À mesure que M. Bida terminait un de ses dessins, celui-ci était livré au graveur chargé du soin extrêmement délicat de traduire la pensée de l’artiste et de la faire comprendre au public. Il est probable que les éditeurs ont hésité sur le choix du genre de gravure qui convenait le mieux à leur œuvre ; le burin est bien froid la roulette est bien molle, on les écarta et l’on se décida pour la pointe, c’est-à-dire pour l’eau-forte. Le procédé adopté offre des avantages considérables ; on sait en quoi il consiste : une planche de métal parfaitement planée est enduite d’un vernis, — vernis mou, — mélangé de noir de fumée ; une pointe d’acier trempé maniée comme un crayon, sert à dessiner sur la surface noircie l’objet que l’on veut représenter. Chaque trait de pointe découvre le métal : si celui-ci est baigné d’acide nitrique, l’action corrosive s’exerce sur les parties de la planche que le vernis ne protège plus ; c’est ce que l’on appelle faire mordre. Selon que la gravure est plus ou moins foncée, plus ou moins claire, la morsure doit être plus ou moins profonde ; les parties d’ombre ont souvent besoin d’être mises plusieurs fois en contact avec l’eau-forte ; on en est quitte, afin de ménager les autres portions de la gravure, pour frotter légèrement celles-ci avec de la graisse, qui les soustrait à l’influence chimique. On peut donc agir, par ce moyen, dans des conditions de rapidité que le burin n’a jamais connues ; en outre, — et ceci est fort important, — la pointe a une qualité inappréciable : le graveur peut déployer toute l’originalité dont il est doué et respecter en même temps celle du dessinateur. C’est là un avantage très sérieux que nul autre genre de chalcographie ne possède à si haut degré.
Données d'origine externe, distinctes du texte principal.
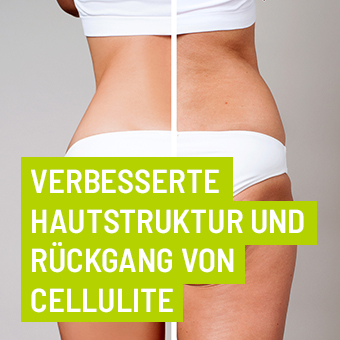 Verbesserte Hautstruktur und Rückgang von Cellulite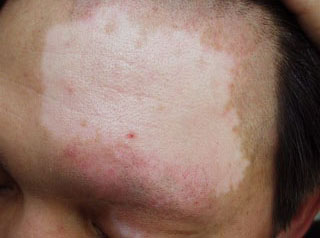 面部为什么会患上白癜风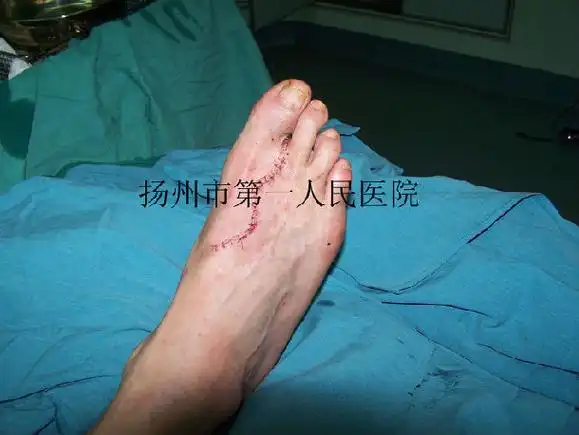 拇指再造(游离第二足趾移植) - 好大夫在线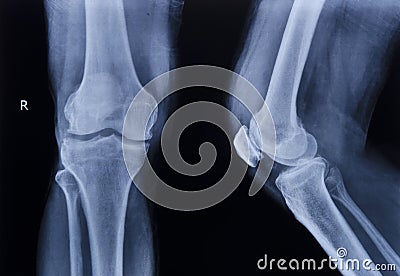 X-ray normal knee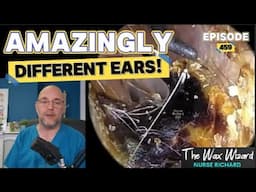 AMAZINGLY DIFFERENT EARS! Episode 459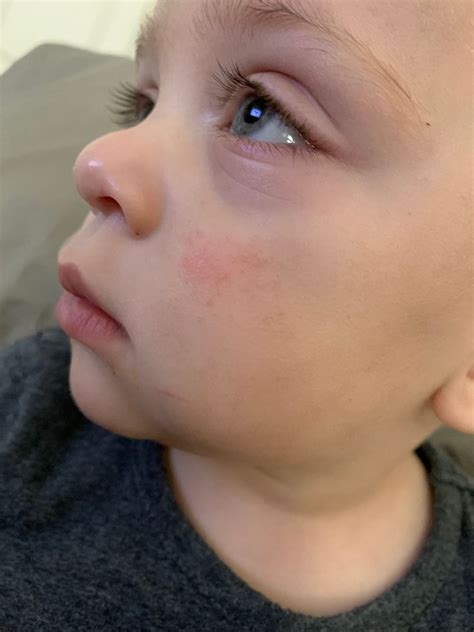 Rash On Face Pic Attached Babycenter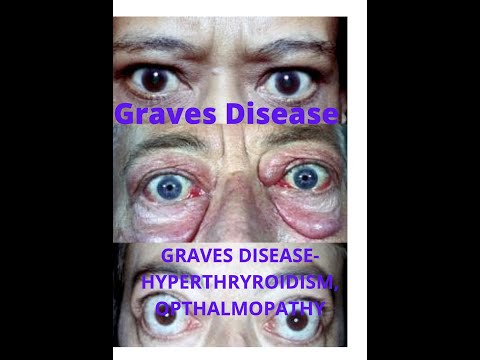 Hyperthyroidism?EVERYTHING about GRAVES disease in 10 minutes-High yield facts with MCQs-USMLE, NEET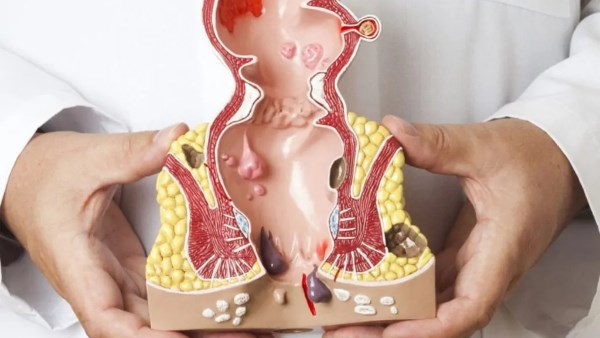 الناسور الشرجى..انتبه من هذه الاعراض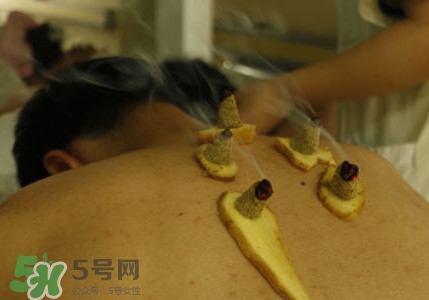 三伏灸有用嗎？2017年三伏艾灸時間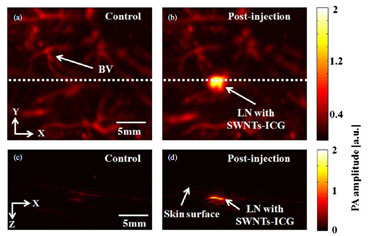 <i>In vivo</i> photoacoustic mapping of sentinel lymph nodes in rats.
Quel est l’inventeur de ce mode de reproduction, qui permet de multiplier à l’infini les épreuves d’une idée plastique ? On ne sait guère. Longtemps on l’a attribué à Albert Dürer et au Parmesan ; mais la plus ancienne eau-forte du premier porte la date de 1515, et Francesco Mazzuoli n’est né qu’en 1503. Or l’on a trouvé dans les cartons du British Museum une eau-forte datée de 1496 et signée de Wenceslas d’Olmütz ; elle représente un sujet allégorique ayant trait aux différends qui, dès cette époque et vingt ans avant Luther, divisaient la cour de Rome et les princes allemands. Faute de mieux, c’est à Wenceslas d’Olmütz que l’on reporte l’honneur de la découverte ; il serait plus juste de constater simplement que la plus vieille eau-forte connue a été gravée par lui.
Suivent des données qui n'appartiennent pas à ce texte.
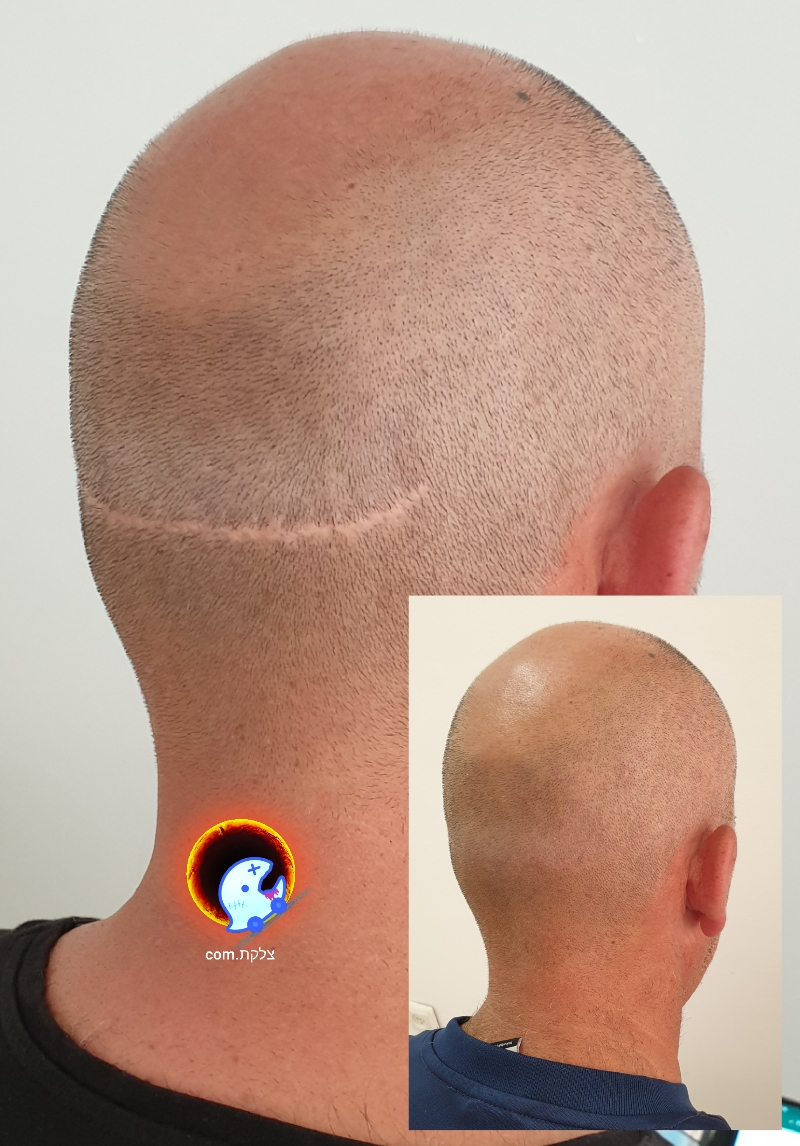 תיקון צלקת רצועה מהשתלת שיער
Bien des peintres célèbres n’ont point dédaigné de quitter quelquefois la brosse pour la pointe ; Van Everdingen, Castiglione, Salvator Rosa, Claude le Lorrain, Coypel, y excellèrent, mais l’homme qui a su en tirer les effets les plus énergiques et les plus extraordinaires, c’est Rembrandt, qui en fit une sorte d’art à part dont il a emporté le secret avec lui. Ses épreuves ont été si souvent reproduites ou contrefaites qu’elles sont certainement familières au souvenir des lecteurs.
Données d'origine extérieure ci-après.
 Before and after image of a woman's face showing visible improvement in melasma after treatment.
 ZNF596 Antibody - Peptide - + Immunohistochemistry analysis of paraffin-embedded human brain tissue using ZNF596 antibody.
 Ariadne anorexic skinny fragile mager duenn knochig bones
De notre temps, on a essayé de relever la gravure à l’eau-forte, dont la lithographie avait diminué l’importance, et que la photographie menaçait de remplacer tout à fait. On a essayé de lutter contre l’insouciance du public, on a tenté de sauver une des formes de l’art où l’initiative individuelle trouve moyen de se manifester sans entraves, on n’a pas voulu qu’elle mourût, et l’on a réussi au-delà des espérances. La Société des aquafortistes existe, elle se recrute, elle prospère. Les hommes de talent qui la composent sont nombreux, et leurs œuvres ont été remarquées à nos expositions annuelles. On n’avait, jusqu’à un certain point, que l’embarras du choix ; on s’adressa aux plus habiles d’entre eux, et quatorze artistes éprouvés furent chargés de transcrire par la pointe les dessins de M. Bida, qui, entraîné lui-même et payant d’exemple, grava une de ses compositions : la Naissance d’un fils (saint Jean, XVI, 21), et signa une des planches les meilleures, les plus lumineuses des Évangiles. Tout en laissant aux aquafortistes les coudées aussi franches que possible, il était bon, pour éviter toute dissonance de se produire, de leur imprimer une direction sinon uniforme, du moins générale. Il fallait donc choisir parmi eux un homme qui eût assez de talent pour que son autorité fût acceptée sans contestation, et qui fût au fait de tous les procédés à l’aide desquels on peut donner aux gravures à la pointe les qualités qu’elles comportent. Un peintre-graveur fort connu par ses belles productions[9], M. Edmond Hédouin, fut chargé de cette tâche assez difficile ; il fut réellement directeur de la gravure de l’œuvre entière. En examinant celle-ci, en reconnaissant, malgré la diversité des mains, une sorte d’unité réelle, toujours élégante et toujours sérieuse, on pourra apprécier ce qu’il a fallu de zèle, de prévoyance attentive et de savoir pour parvenir à un tel résultat. Toute planche qui n’a pas été jugée irréprochable a été martelée et recommencée, car rien n’a été épargné pour serrer la perfection de plus près.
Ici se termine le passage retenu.